The Before vs After Moment

This is the demo moment that makes judges stop scrolling.

With Memory OFF, the bot says:

"Hello! What would you like to practice today?"

With Memory ON — after recalling from Hindsight:

"Hey Arun — you've hit recursion issues twice this week.
Want to try an easier problem first to build confidence?"

Same LLM. Same prompt. The ONLY difference is the recall() call
pulling real history from Hindsight before the response is generated.

We added a toggle switch in the navbar so you can flip between
the two modes live during a demo. It's the clearest possible way
to show what persistent memory actually does.

What We Stored in Hindsight

We retained four types of memories:

1. Problem attempts — every try, pass or fail, with error type

2. Mistake patterns — recurring issues like off-by-one, null pointer,
missing base case

3. Solved problems — language used, attempts taken, concepts covered

4. Session summaries — daily snapshots of weak and strong areas

We started by only storing solved problems. That gave us almost nothing
useful for personalization. The breakthrough came when we added mistake
patterns — suddenly the agent could say things like "you've had this
exact error 3 times" instead of giving generic advice.

What Surprised Us

We expected Hindsight to be useful for recommendations. We didn't
expect it to make the AI sound genuinely caring.
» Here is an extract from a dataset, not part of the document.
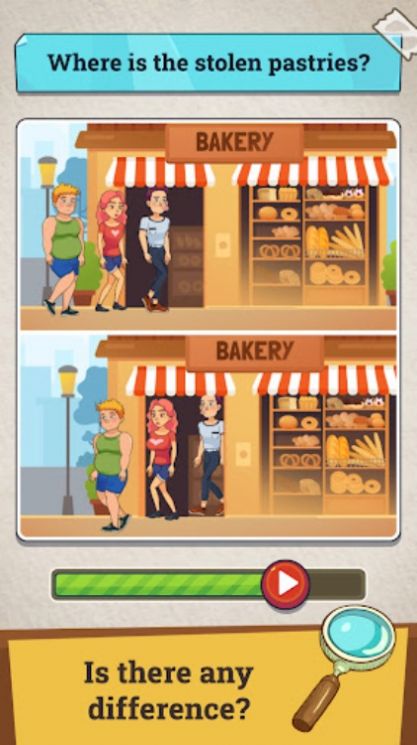 侦探谜语手游app截图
When the agent says "I noticed you haven't practiced dynamic programming
in 5 days" — it's not hallucinating. It literally recalled that from a
session summary we retained 5 days ago. That grounding makes the
responses feel trustworthy in a way RAG alone never did.

The agent memory features in Vectorize
make this pattern surprisingly easy to implement. retain() and recall()
are the whole API surface. The hard part is deciding what to store.

Lessons Learned

Retain more than you think you need. We started minimal. Adding
mistake patterns and session summaries unlocked 80% of the useful
behaviors.

The recall query is everything. Vague queries return vague memories.
"off-by-one errors in Python arrays this week" returns exactly what
you need. "user mistakes" returns noise.

Show the memory working visibly. We added a Memory Log page that
shows every retain() call ever made. Users trusted the app more when
they could see what it knew about them.

The before/after toggle is your best demo. Nothing explains
persistent memory faster than showing the agent with it OFF vs ON
side by side. Build this into your demo flow.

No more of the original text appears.